A much-anticipated, yet highly unusual joint panel discussion from Senate Democratic Policy and Communications director James Carville, Washington Post columnist E.J. Dionne, and New York Times columnist Thomas Friedman was broadcast Thursday morning on NPR. The panelists argued that global political turmoil has produced a crisis of confidence in the future of government and the country, and that credibility of governments is on the line.
They debated the role and importance of the presidency (Carville cautioned that it was too big and not accountable to the people), the challenge of criticizing the news media (not so easy), and the conflict between criticism of international policy (an America first agenda) and criticism of domestic policy (American first.)
In addition to listening to the full 12-minute discussion, you can listen to the full podcast. Highlights of discussion include:
It is impossible to predict where the United States is headed.

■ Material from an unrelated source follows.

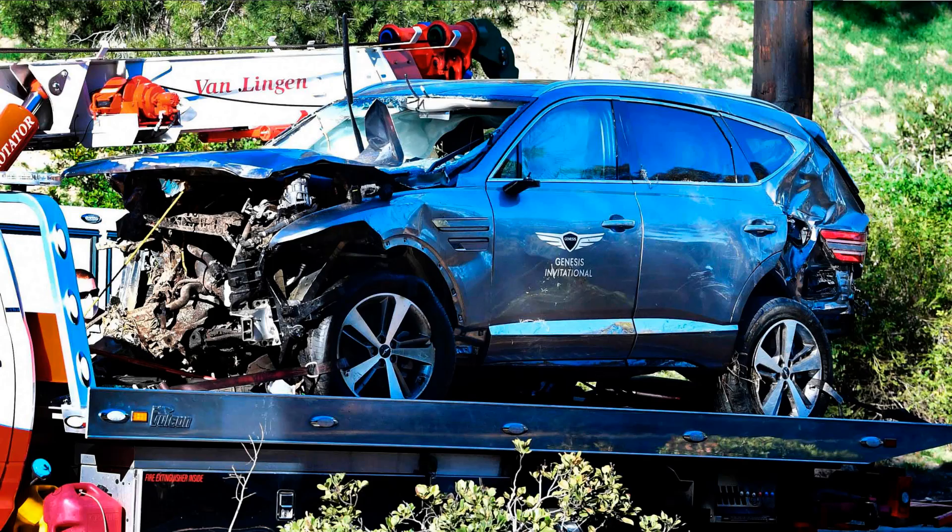This brought a lot of attention to the brand as well as the brand new GV80, and overall it resulted in a positive image for the brand, given that he walked away with serious injuries that he has been able to recover from over time. Regardless of this incident, it was the first SUV that Genesis brought to the market, and it was a huge success, as SUVs are much more popular than the three sedans they had been selling prior.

Neither should we have any confidence in predictions made by governments and large institutions; all should operate within the system of checks and balances.
“I don’t think we’re at a moment where any of us should feel smug, but at the same time there’s a sense of despair about how we’re going to get this thing back on the rails.”
Trump and the Republican Party, which have managed to damage the traditional idea of the “party of government,” are in effect implementing their agenda.
Trump can’t be accused of racism: “If the majority of the United States came in with an African-American president, everyone would be nervous about that, so it’s not an issue.”
Makes no sense for Democrats to criticize the news media: “You can’t control the news media … “
Trump has reached a “point where it seems like he doesn’t care” if he wins again.
“Every time there’s a crisis, another zero comes down the toll.”